Submitted by Don Doman.
How many people can afford a new home these days? Tent cities, tiny houses, and homeless multitudes are just part of a housing problem that has cities scrambling for answers and solutions. With the Affordable Care Act (ObamaCare), and Social Security possibly the next target for cutting by the Trump administration our Baby Boomer seniors may soon find themselves looking for a place to call home . . . that they can afford. The answer may come from Hong Kong.

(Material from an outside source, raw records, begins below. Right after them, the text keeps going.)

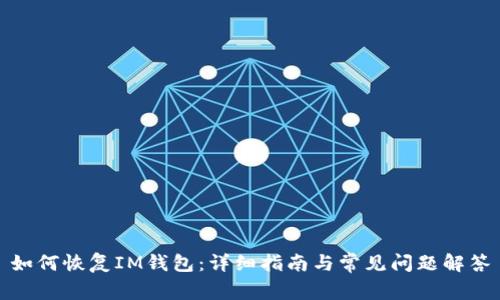 如何恢复IM钱包：详细指南与常见问题解答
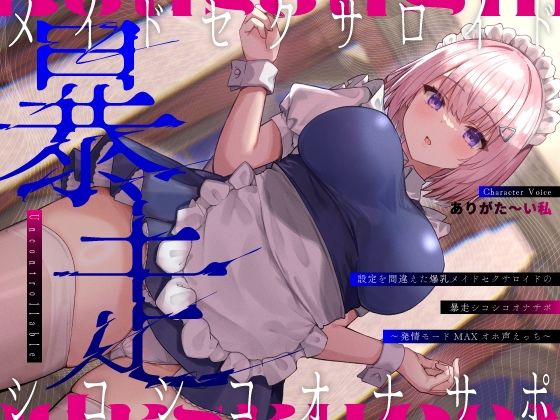 【完全無料】設定を間違えた爆乳メイドセクサロイドの暴走シコシコオナサポ〜発情モードMAXオホ声えっち〜｜d_402316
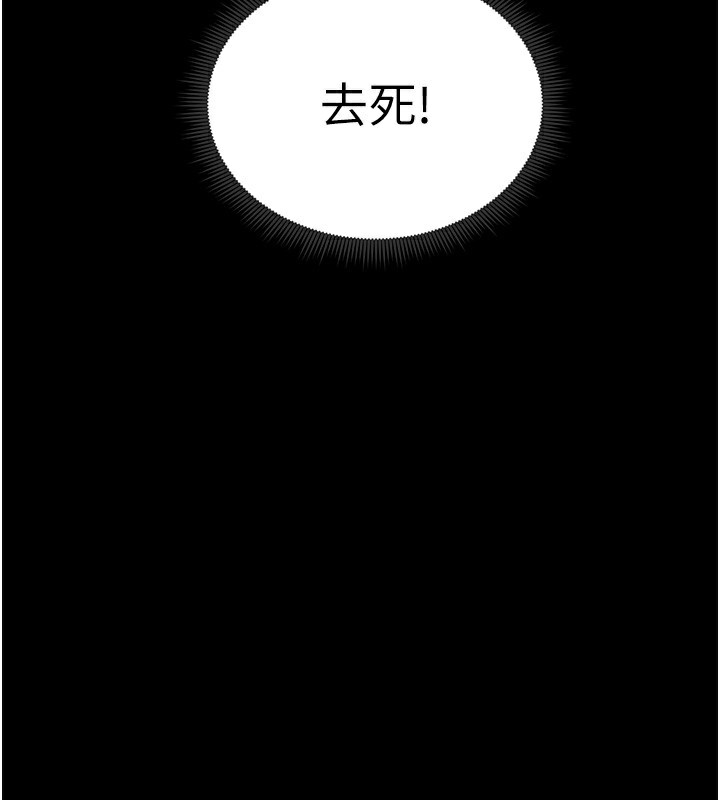 太妹攻略指南 第16话 第103页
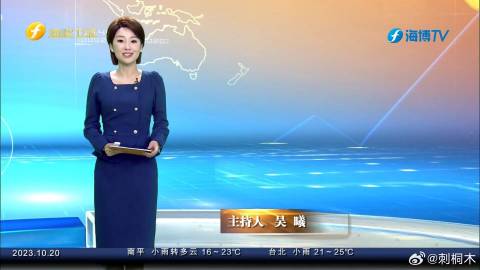 今日海峡直播在线观看，直播新时代的文化与交流，海峡直播，新时代文化与交流盛宴在线观看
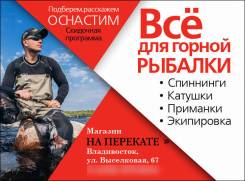 Все для горной рыбалки!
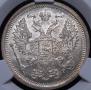 20 копеек 1904 года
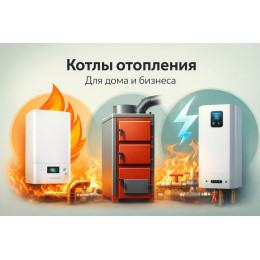 Котлы отопления для дома и бизнеса в Казани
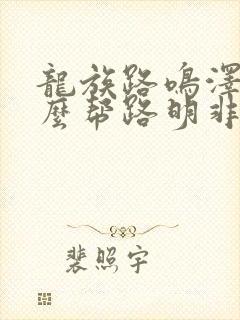 龙族路鸣泽为什么帮路明非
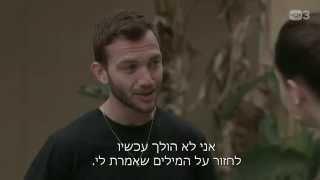 הפיטורים של אביאל - זגורי אימפריה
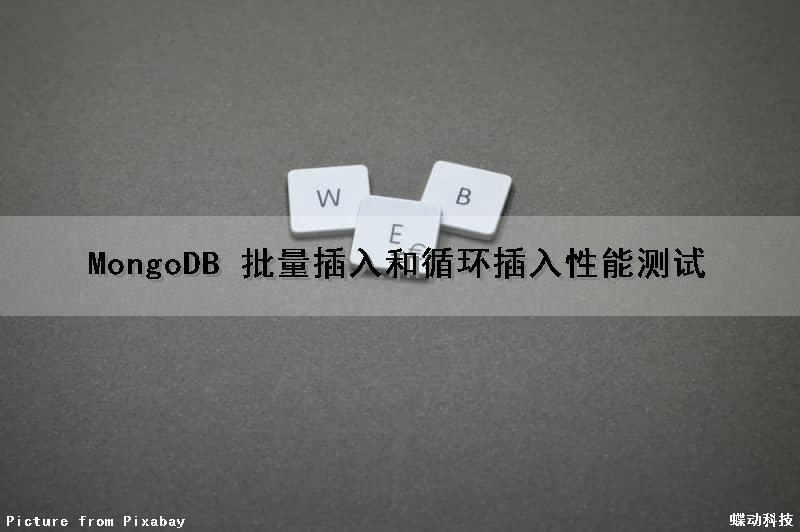 MongoDB 批量插入和循环插入性能测试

Architect James Law of James Law Cybertecture has designed living quarters made from concrete water pipes. His creation is called OPOD Tube Housing, which he designed for the Hong Kong housing crisis. “OPod Tube Housing is an experimental, low cost, micro living housing unit to ease Hong Kong’s affordable housing problems. Constructed out of low cost and readily available 2.5m diameter concrete water pipe, the design utilizes the strong concrete structure to house a micro-living apartment for one/two persons with fully kitted out living, cooking and bathroom spaces inside 100 sq.ft. Each OPod Tube Houses are equipped with smart phone locks for online access as well as space saving furniture that maximizes the space inside. OPod Tube Houses can be stacked to become a low rise building and a modular community in a short time, and can also be located/relocated to different sites in the city.” – James Law Cybertecture
I think the OPOD Tube Houses are ideal for followers of Hobbits and J.R.R. Tolkien. Building codes not withstanding, I think various new homeowners using OPODS in Steilacoom would be ideal. Built into the sides of the hills with views of McNeil Island and Key Peninsula these modular houses could make cozy and inexpensive homes/condos with fantastic vistas.
The OPOD structures could bring immediate shelter to Pierce County homeless as well as student housing near our colleges and universities. As housing needs change, these concrete structures could be transported to new locations to meet new demands at a fraction of the costs of demolition and new construction.
Building space is always at a premium, but housing units that can fit in, around, and on top of both municipal and commercial buildings offers both opportunity and possibilities.